Top of Records to use

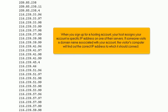When you sign up for a hosting account, your host assigns your account a specific IP address on one of their servers. If someone visits a domain name associated with your account, the visitor's computer will find out the correct IP address to which it should connect.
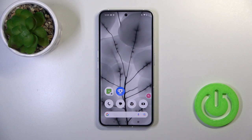Hi, today I have in front of me a Nathia device, and I will show you how to change the lock screen wallpaper on this device.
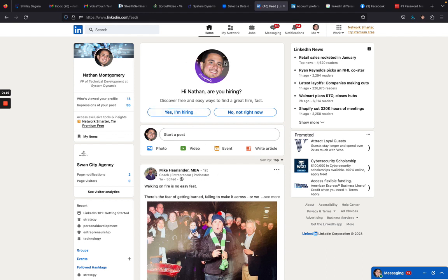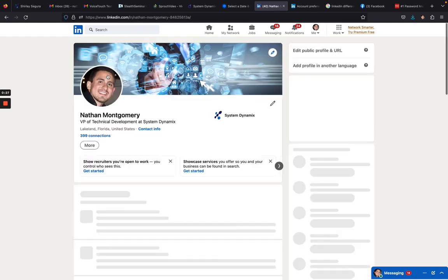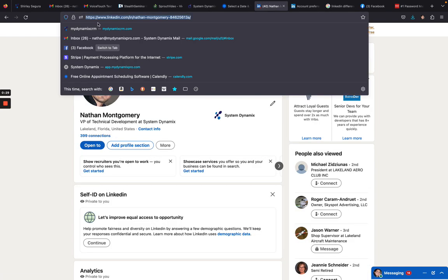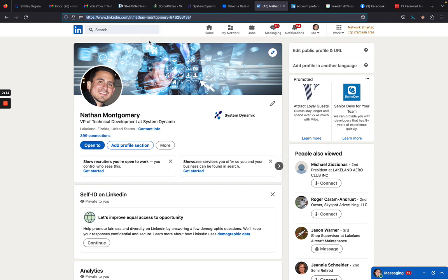Once you log in, you're going to be on this main page. Then what you're going to do is go over here and click on your business name or your name. Once you click on it, you go up here to the very top, and this is your URL to your business page.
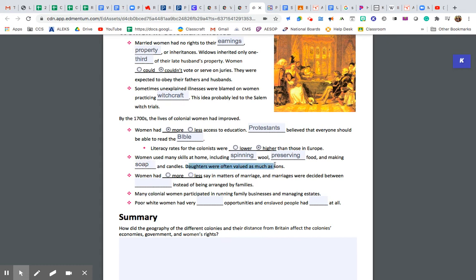The big thing here is that daughters were often valued as much as sons. Typically, a lot of wealth followed the male line — specifically, the firstborn son — as a way of making sure the family name didn't fall by the wayside. But in the colonies, life expectancy was a little bit lower and there were far more men than women. So women had the ability to negotiate a little bit, and because of that, had a little bit more importance in American society than in European society.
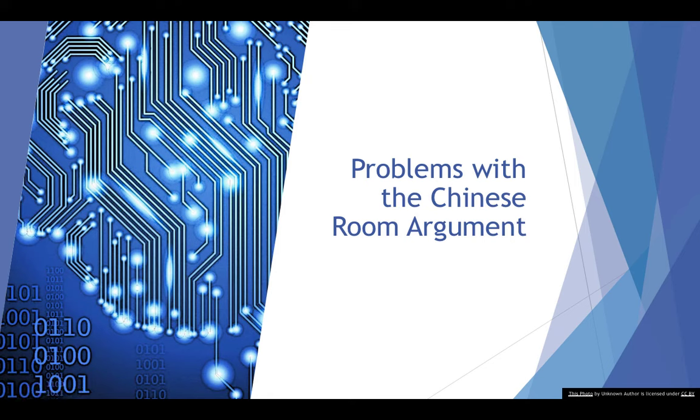So now we've had a look at the Chinese room argument. What we're going to do in this lesson is have a look at three main criticisms of the Chinese room argument.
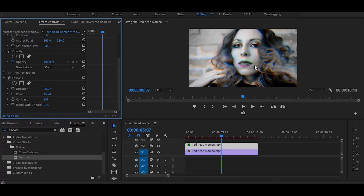And you can see here these colorful edges. I am keeping it to 30. You can also adjust the direction of it.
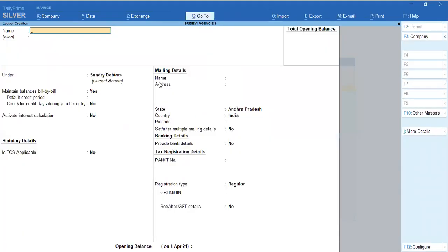You can create a ledger in Tally. Now you are working with assets. The furniture goes in the balance sheet, profit and loss account, and trading account. If you are doing the prime account, I will explain the basic accounts.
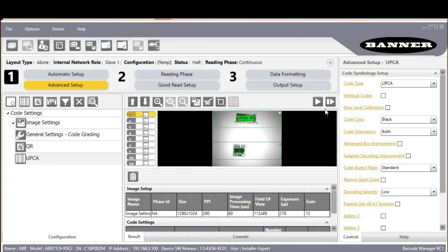Now click capture a few more times and note that the image processing time has been reduced. This is because the decoding algorithms have less area to search.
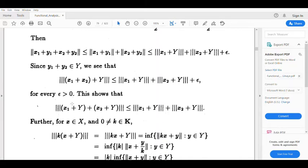Therefore triple-norm(a+b+Y) ≤ triple-norm(a+Y) + triple-norm(b+Y), so the triangle inequality is satisfied.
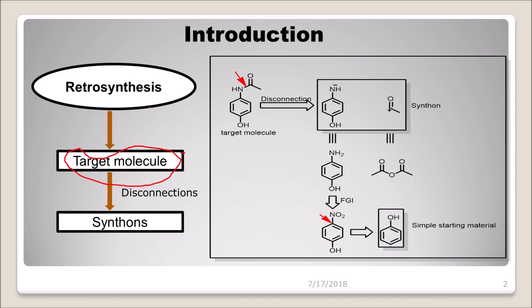Retrosynthesis is basically the backward synthesis of a molecule — in other words, it is also called reverse engineering. Similar to how hackers reverse-engineer software code to find out how it was designed, you work backward from a product. Now, what are synthons? Synthons are basically imaginary structures — or intermediates — that you need in order to design your molecule. We will understand the definitions more clearly once we look at the reactions.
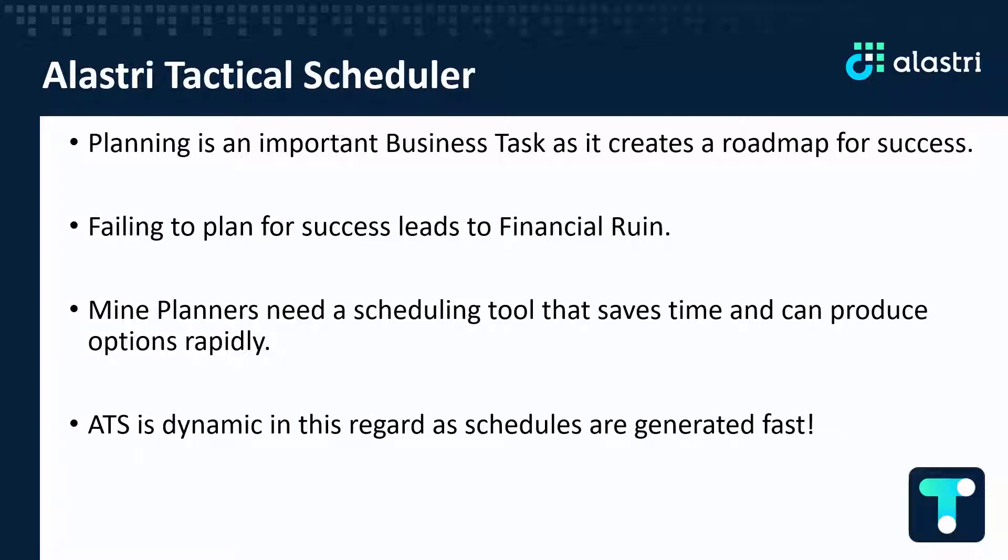Alastri Tactical Scheduler is dynamic in this regard as mining schedules can be generated fast through its intuitive workflows, automated processes and unique integration with Hall Infinity and Rapid Reserver.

Bottom of Records to use

### Problem requirements:
From the first line to the last, set down the records above exactly and skip the pictures.

### Exercise solution:
When you sign up for a hosting account, your host assigns your account a specific IP address on one of their servers. If someone visits a domain name associated with your account, the visitor's computer will find out the correct IP address to which it should connect.
Hi, today I have in front of me a Nathia device, and I will show you how to change the lock screen wallpaper on this device.
Once you log in, you're going to be on this main page. Then what you're going to do is go over here and click on your business name or your name. Once you click on it, you go up here to the very top, and this is your URL to your business page.
The big thing here is that daughters were often valued as much as sons. Typically, a lot of wealth followed the male line — specifically, the firstborn son — as a way of making sure the family name didn't fall by the wayside. But in the colonies, life expectancy was a little bit lower and there were far more men than women. So women had the ability to negotiate a little bit, and because of that, had a little bit more importance in American society than in European society.
So now we've had a look at the Chinese room argument. What we're going to do in this lesson is have a look at three main criticisms of the Chinese room argument.
And you can see here these colorful edges. I am keeping it to 30. You can also adjust the direction of it.
You can create a ledger in Tally. Now you are working with assets. The furniture goes in the balance sheet, profit and loss account, and trading account. If you are doing the prime account, I will explain the basic accounts.
Now click capture a few more times and note that the image processing time has been reduced. This is because the decoding algorithms have less area to search.
Therefore triple-norm(a+b+Y) ≤ triple-norm(a+Y) + triple-norm(b+Y), so the triangle inequality is satisfied.
Retrosynthesis is basically the backward synthesis of a molecule — in other words, it is also called reverse engineering. Similar to how hackers reverse-engineer software code to find out how it was designed, you work backward from a product. Now, what are synthons? Synthons are basically imaginary structures — or intermediates — that you need in order to design your molecule. We will understand the definitions more clearly once we look at the reactions.
Alastri Tactical Scheduler is dynamic in this regard as mining schedules can be generated fast through its intuitive workflows, automated processes and unique integration with Hall Infinity and Rapid Reserver.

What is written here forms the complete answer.